Dmitrii Sidorov, Geography, gave a presentation, “Localizing and Visualizing Civilizational Geopolitics: Ilya Glazunov’s Painting Eternal Russia” to the Association of American Geographers annual national conference in April held in Seattle. He also gave a panel presentation to the “Critical Biographies of Post-Communist Cities 3: Legacies and Current Trajectories.”

Craig Smith, Center for First Amendment Studies, attended a national summit sponsored by the Ford Foundation on the topic “The “Difficult Dialogues Initiative” on April 11-12, in Washington, D.C. Smith was one of only 24 experts invited to participate in the summit on campus First Amendment issues.

Deborah Thien, Geography, presented “Welcome Home Our Military Sisters: Sexual Difference, Emotion and (Post) Traumatic Spaces for Female Veterans with PTSD” to the Association of American Geographers annual conference held in Seattle this April. She also gave a panel presentation in the special commemorative session, “For Julie Graham: Celebrating Julie Graham’s Contributions and Exploring the Future of her Work.” Additionally, she organized four special sessions: “Gendered Cultures,” “Gendered Politics,” “Rethinking, Redressing and Reclaiming Gendered Knowledges” and “Rural Women’s Livelihoods.”
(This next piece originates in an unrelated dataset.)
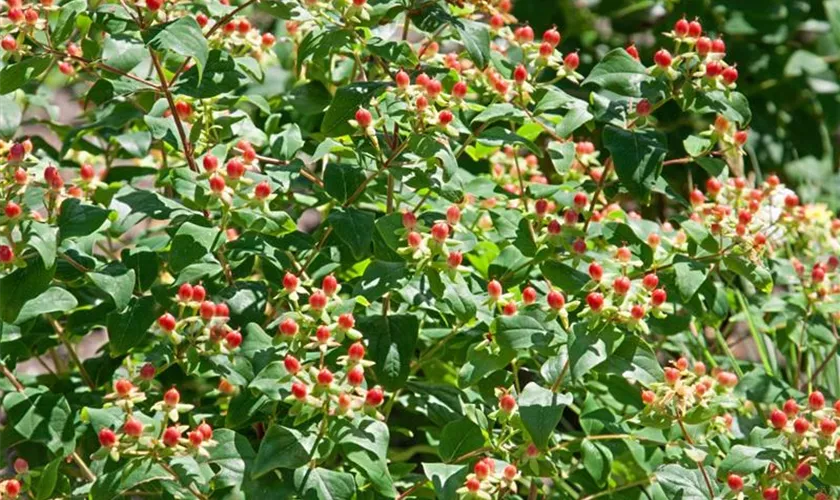 Hypericum inodorum 'Rheingold'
Skyne Uku Wertimer, Africana Studies, presented a juried paper titled “The Emerging Transnational Terrorism and Crimes: The Post-Cold War Threats to Global Collective Security” at the International Studies Association’s 52nd Annual Convention held in Montreal, Quebec, March 16-19 on the theme “Global Governance – Political Authority in Transition.”